Short web captions
++++++
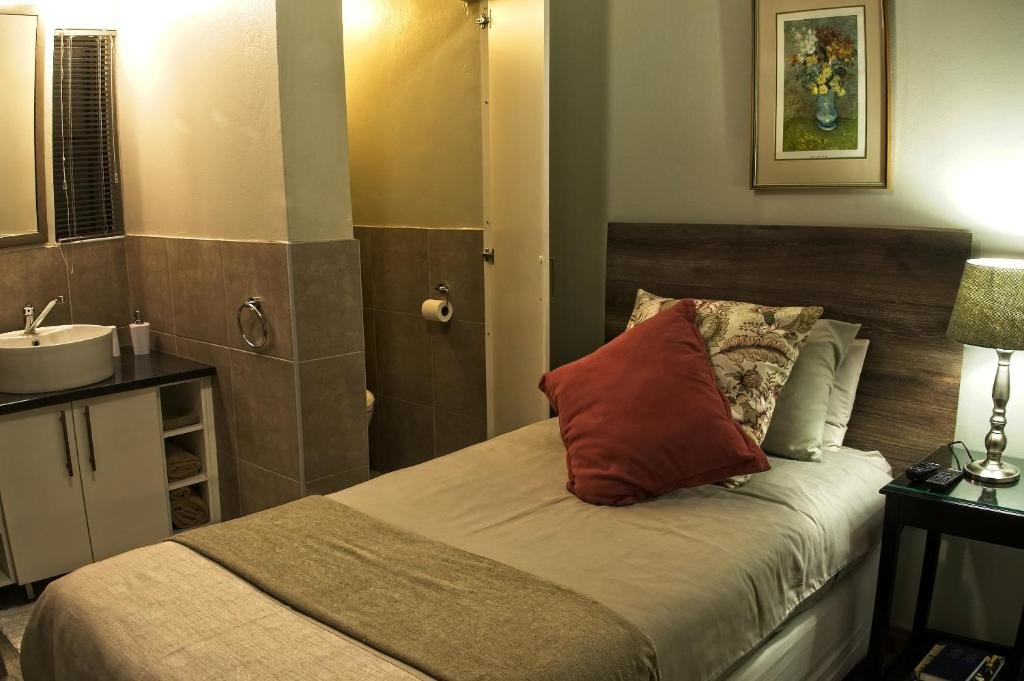 Standard Single room Rest-a-While Guest House - Pretoria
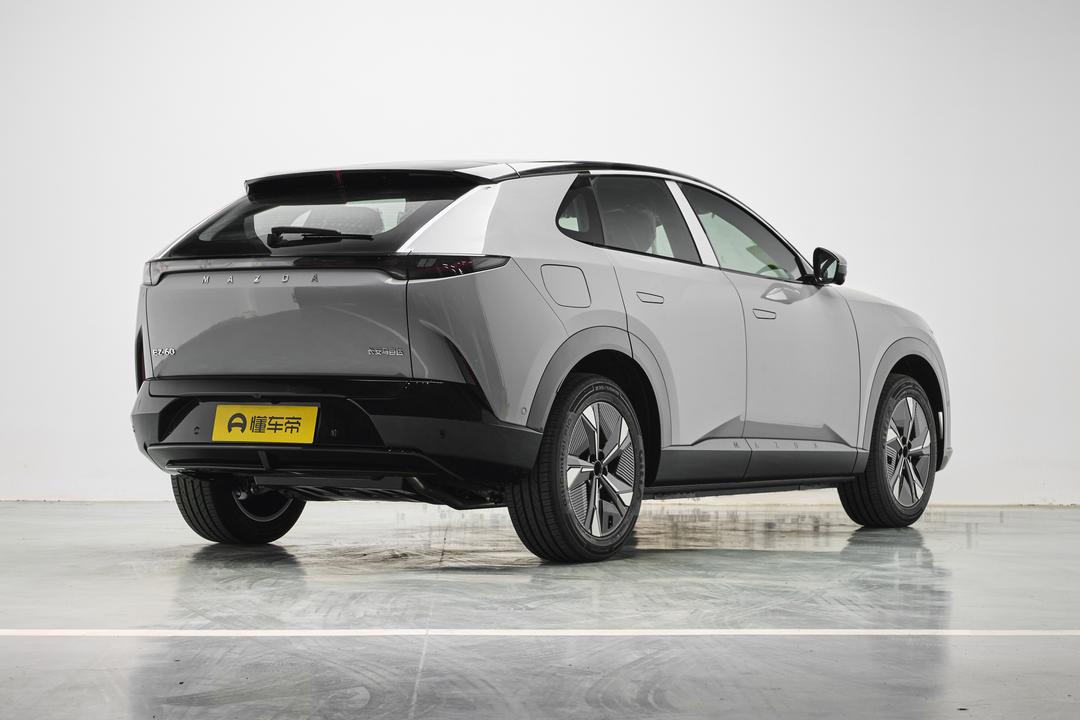 Mazda EZ-60 2026, фото 7
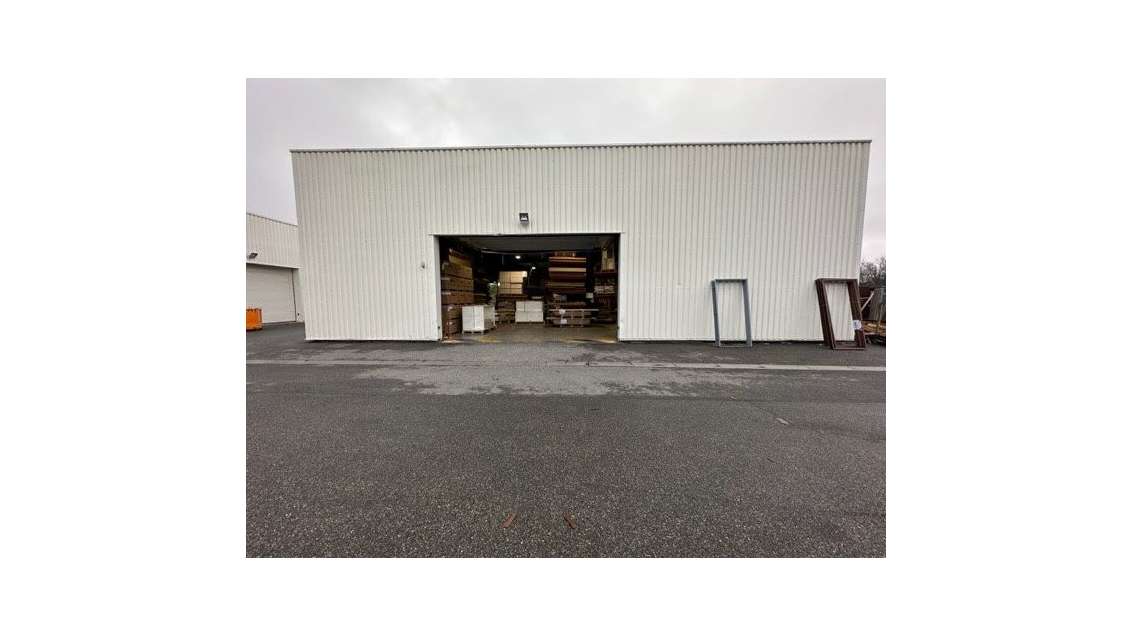 A louer local d'activité 1124m² à Aucamville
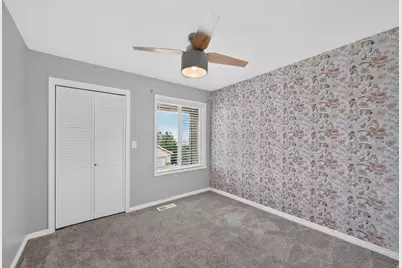 1560 E Hills Dr N, Bountiful, UT 84010 - Photo 19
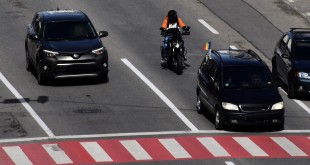 conducea o motocicletă cu viteză excesivă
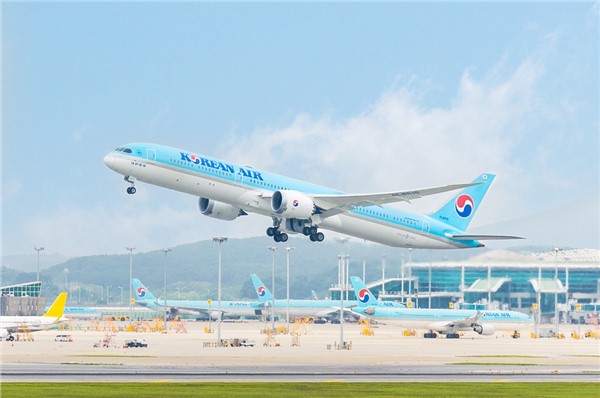 ALC Announces Delivery of 1st of 10 New Boeing 787-10 Aircraft to Korean Air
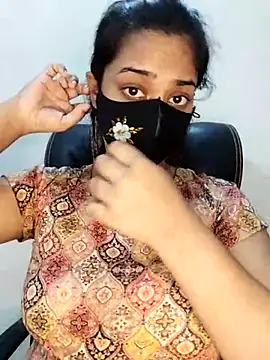 Snapshot of Tapur- chatting on 2, 11, 2025 Tapur- online show from 2, 11, 2025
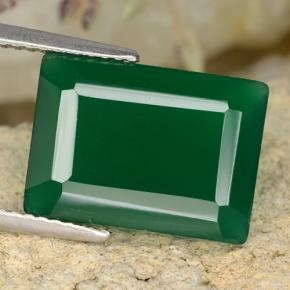 6.38 ct Green Agate Gemstone, Agate Gem in Octagon Step Cut Shape for Sale.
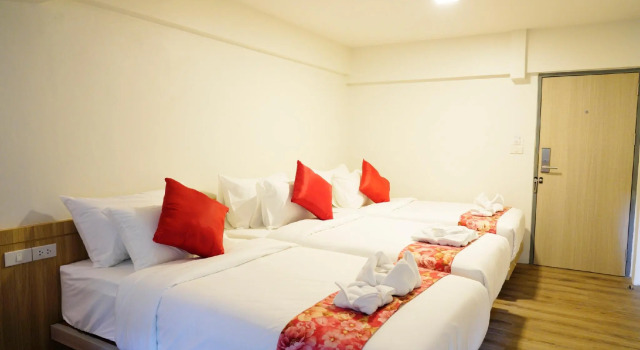 Трёхместный номер Deluxe Wild Orchid Villa Bangkok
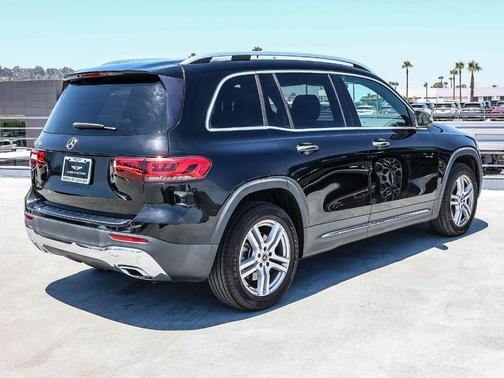Midnight Black 2021 Mercedes-Benz GLB 250 Base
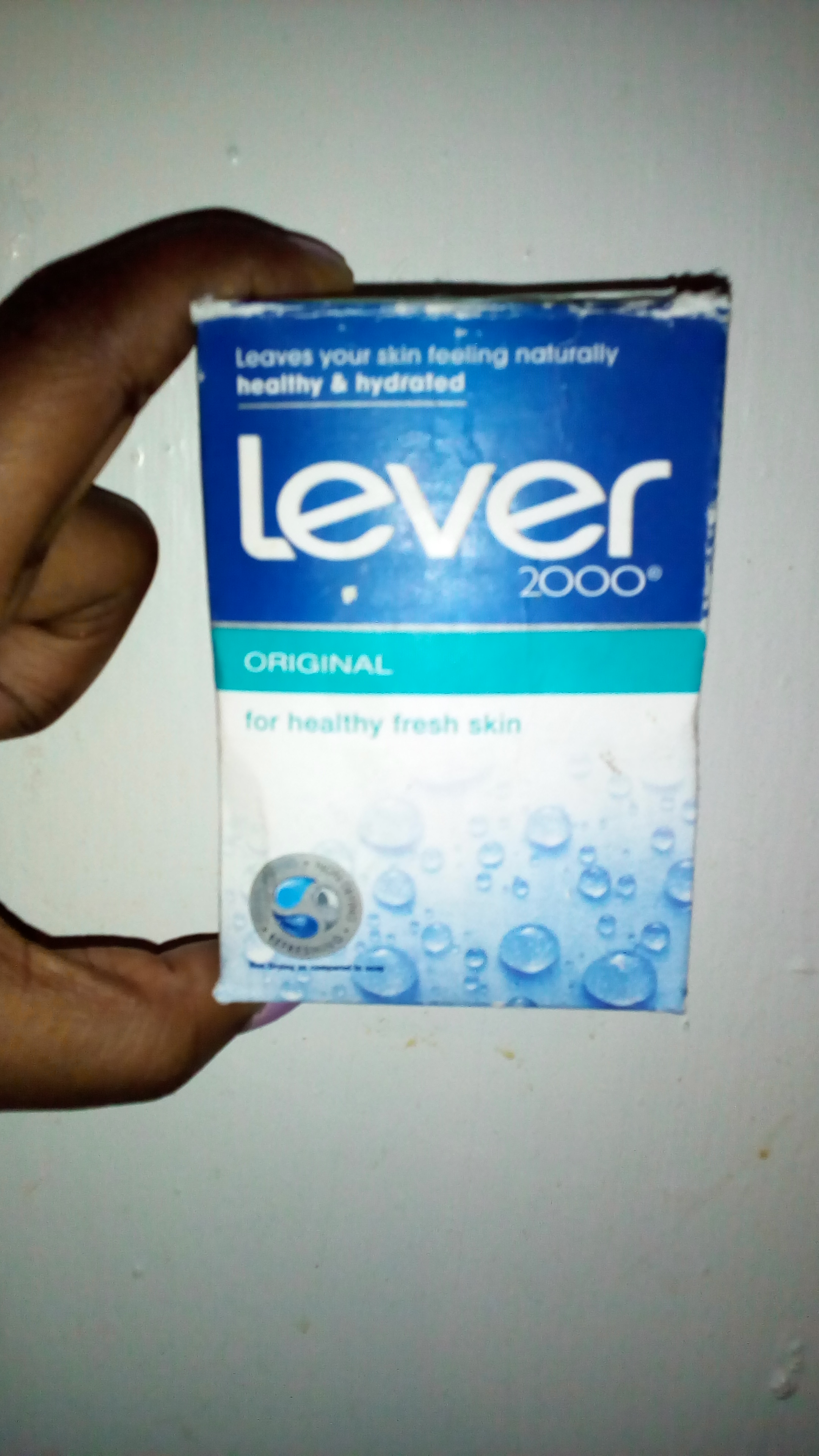 Photo of Lever 2000 Perfectly Fresh Refreshing Bar Soap 8 PackPerfectly Fresh Original uploaded by Angela D.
++++++
- Instructions for the task
Please transcribe all of the entries word for word, with the pictures left out.

- Answer for the task
 Standard Single room Rest-a-While Guest House - Pretoria
 Mazda EZ-60 2026, фото 7
 A louer local d'activité 1124m² à Aucamville
 1560 E Hills Dr N, Bountiful, UT 84010 - Photo 19
 conducea o motocicletă cu viteză excesivă
 ALC Announces Delivery of 1st of 10 New Boeing 787-10 Aircraft to Korean Air
 Snapshot of Tapur- chatting on 2, 11, 2025 Tapur- online show from 2, 11, 2025
 6.38 ct Green Agate Gemstone, Agate Gem in Octagon Step Cut Shape for Sale.
 Трёхместный номер Deluxe Wild Orchid Villa Bangkok
Midnight Black 2021 Mercedes-Benz GLB 250 Base
 Photo of Lever 2000 Perfectly Fresh Refreshing Bar Soap 8 PackPerfectly Fresh Original uploaded by Angela D.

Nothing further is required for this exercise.